- WHAT IS NEEDED: After locating the line with "Gewinnen die Schweizer" in the entries below, output it and each following line up to and including the line with "Kleines modernes Haus", exactly and without pictures.
** Opening SUPPLIED RECORDS block **
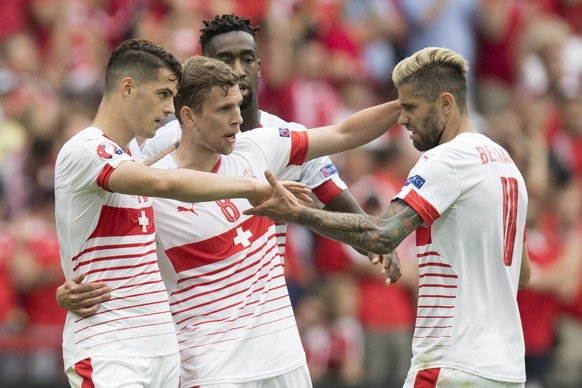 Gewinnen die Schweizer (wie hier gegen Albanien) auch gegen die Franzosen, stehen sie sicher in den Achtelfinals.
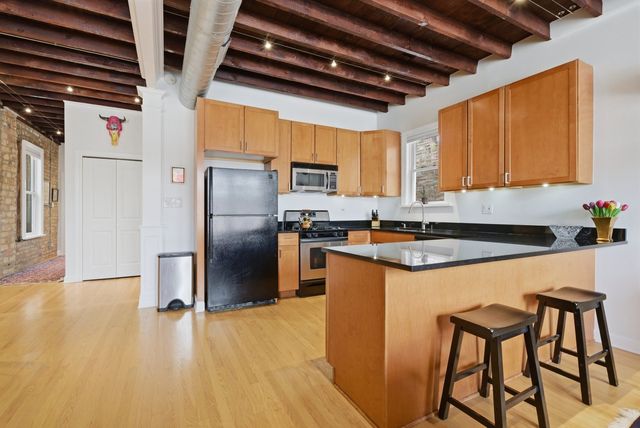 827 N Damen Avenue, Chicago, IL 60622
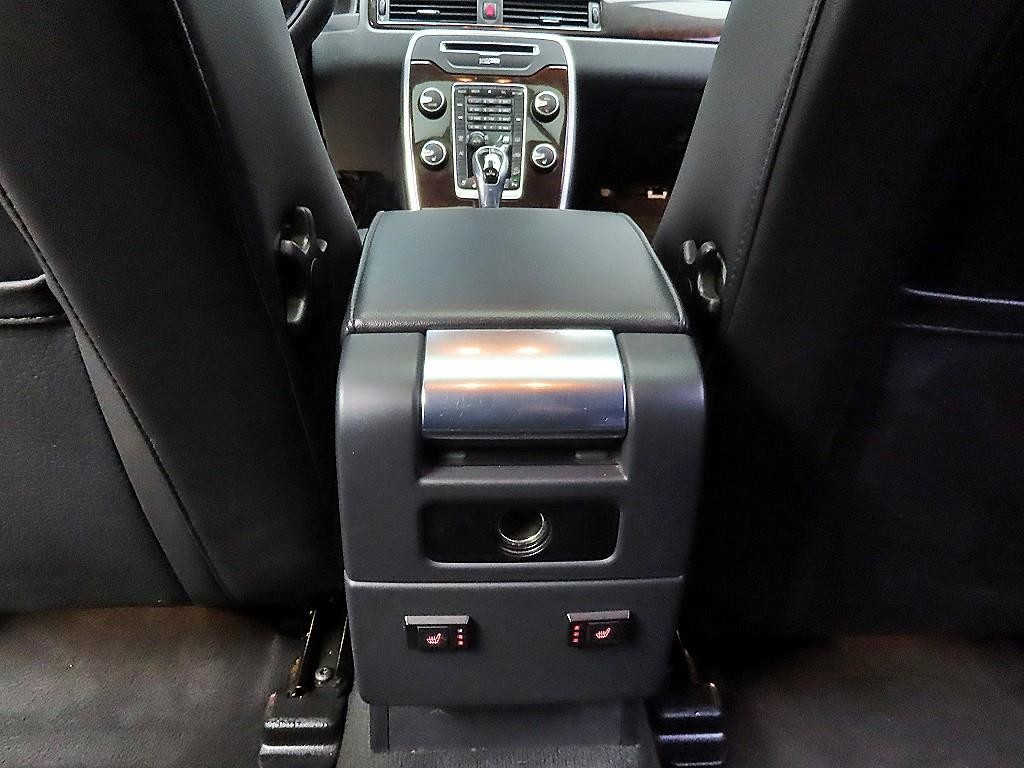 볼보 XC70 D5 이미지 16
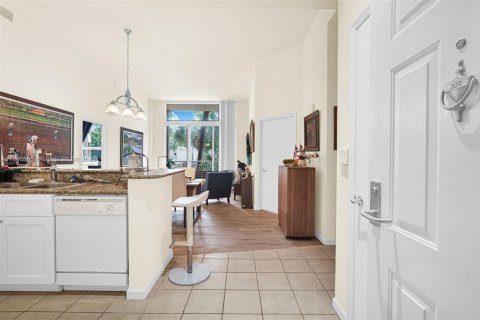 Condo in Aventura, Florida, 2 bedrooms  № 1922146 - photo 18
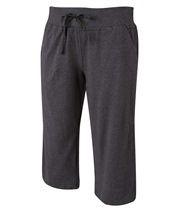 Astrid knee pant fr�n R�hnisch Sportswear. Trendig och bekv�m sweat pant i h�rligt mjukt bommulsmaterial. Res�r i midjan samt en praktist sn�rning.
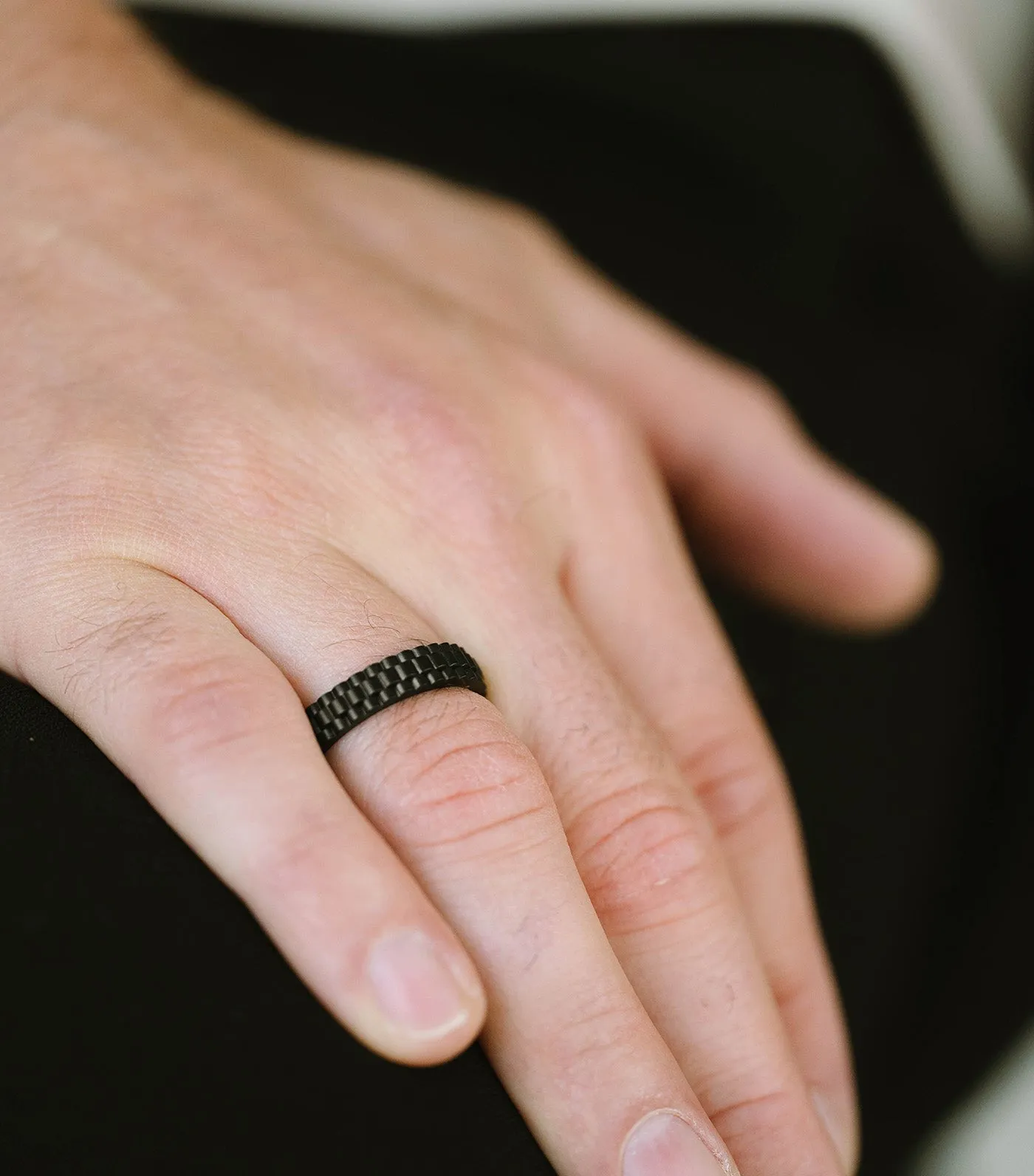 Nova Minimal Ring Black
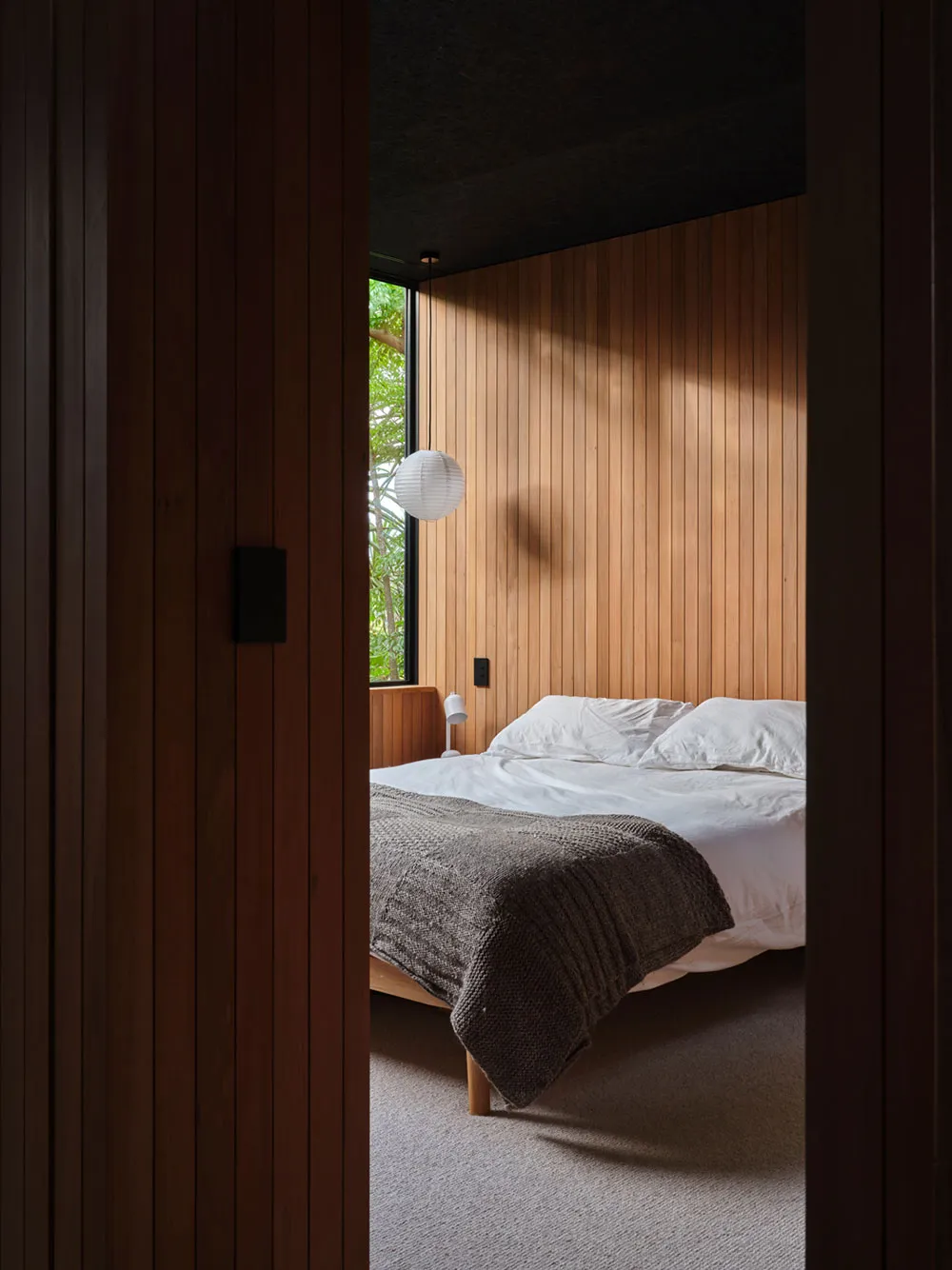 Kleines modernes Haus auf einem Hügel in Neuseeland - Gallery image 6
** Closing SUPPLIED RECORDS block **
** Opening SUPPLIED RECORDS block **
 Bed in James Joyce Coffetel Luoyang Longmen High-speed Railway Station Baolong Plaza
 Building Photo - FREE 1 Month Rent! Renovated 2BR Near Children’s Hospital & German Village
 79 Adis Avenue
** Closing SUPPLIED RECORDS block **
- WRITTEN SOLUTION:
 Gewinnen die Schweizer (wie hier gegen Albanien) auch gegen die Franzosen, stehen sie sicher in den Achtelfinals.
 827 N Damen Avenue, Chicago, IL 60622
 볼보 XC70 D5 이미지 16
 Condo in Aventura, Florida, 2 bedrooms  № 1922146 - photo 18
 Astrid knee pant fr�n R�hnisch Sportswear. Trendig och bekv�m sweat pant i h�rligt mjukt bommulsmaterial. Res�r i midjan samt en praktist sn�rning.
 Nova Minimal Ring Black
 Kleines modernes Haus auf einem Hügel in Neuseeland - Gallery image 6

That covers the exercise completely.